Pero el hijo engendrado ha de ser fruto del amor verdadero y ha de abrir los ojos, respirar, alimentarse y crecer en el único clima sano y benefactor de ese amor.

En ese clima el niño/a es nutrido cada día por la mirada regocijada de papá y mamá y otras personas, y, así, se siente feliz, se agita, sonríe, se exalta. —Estoy viendo a Laia efusivamente feliz y a sus papás y abuelos seducidos y «encantados»—.

Un niño/a que va creciendo en ese clima cálido y benéfico de amor entrañable va configurando su identidad personal en la seguridad, la confianza, la comunicación espontánea y real, la alegría profunda, la ilusión. No tiene miedo a las personas, no se retrae, no esconde deseos, ideas o emociones, no miente, no es huraño o agresivo. Así se va forjando y consolidando su forma de ser, de pensar, sentir, hablar y actuar. Va configurando desde los primeros momentos de su existencia —incluso antes, desde el seno de su madre— los rasgos definitorios de su yo personal, que perdurarán de alguna manera durante todo el tiempo de su vida. Aun no siendo consciente de ello, el niño recibe y asimila los valores, actitudes, estados de ánimo, gestos de sus padres y hermanos en primer lugar. Ninguna otra experiencia o influencia podrá borrar del todo esa «marca de la casa» identitaria.

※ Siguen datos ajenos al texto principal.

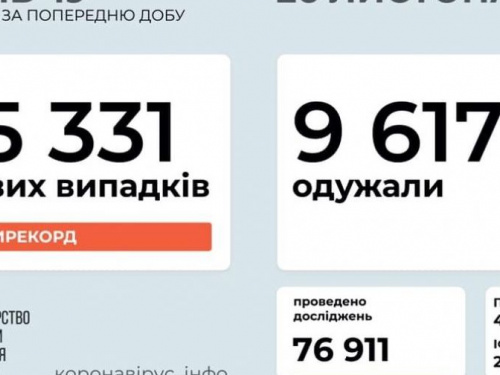 Коронавирус в Украине бьет рекорды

Existe, por tanto, una relación interdependiente de la relación de amor del matrimonio, de los papás, con la relación de amor con el hijo/a. La carencia o deficiencia del amor matrimonial afecta negativamente al amor al hijo, que percibe y recibe el amor o el desamor expresado en la relación de sus papás. Ante el niño no hay simulación: él capta directamente la brisa cálida y suave o la corriente arisca o gélida que emana de la relación de sus padres. Y muchas veces la frialdad de la relación matrimonial se traslada también a la relación con los hijos.

Constatamos que esta visión del amor en la familia, especialmente en la relación de pareja pero también en la relación con los hijos, se encuentra muy devaluada. Está muy generalizada una forma de relación egocéntrica, superficial, puramente gratificante, posesiva y —sobre todo por parte del varón— con afán dominante. Y desgraciadamente, aun se dan casos y situaciones de conflicto y violencia intrafamiliar terriblemente crueles.

Es fuente y clave de felicidad profunda y de realización personal el entender y cultivar una relación de amor verdadero en el sentido indicado de autodonación y entrega, compartiendo la vida en su totalidad. Esa felicidad compartida se hace extensiva a los hijos y ese es el mayor regalo y herencia que sus padres les pueden legar.

Me atrevo a afirmar que el matrimonio y la familia, como comunidad de vida y de amor, alcanzan la categoría de un misterio inefable, de un don de plenitud vital y de felicidad íntegra que, siendo acogido, aporta sentido, sabor, luminosidad y la felicidad más profunda e irradiante.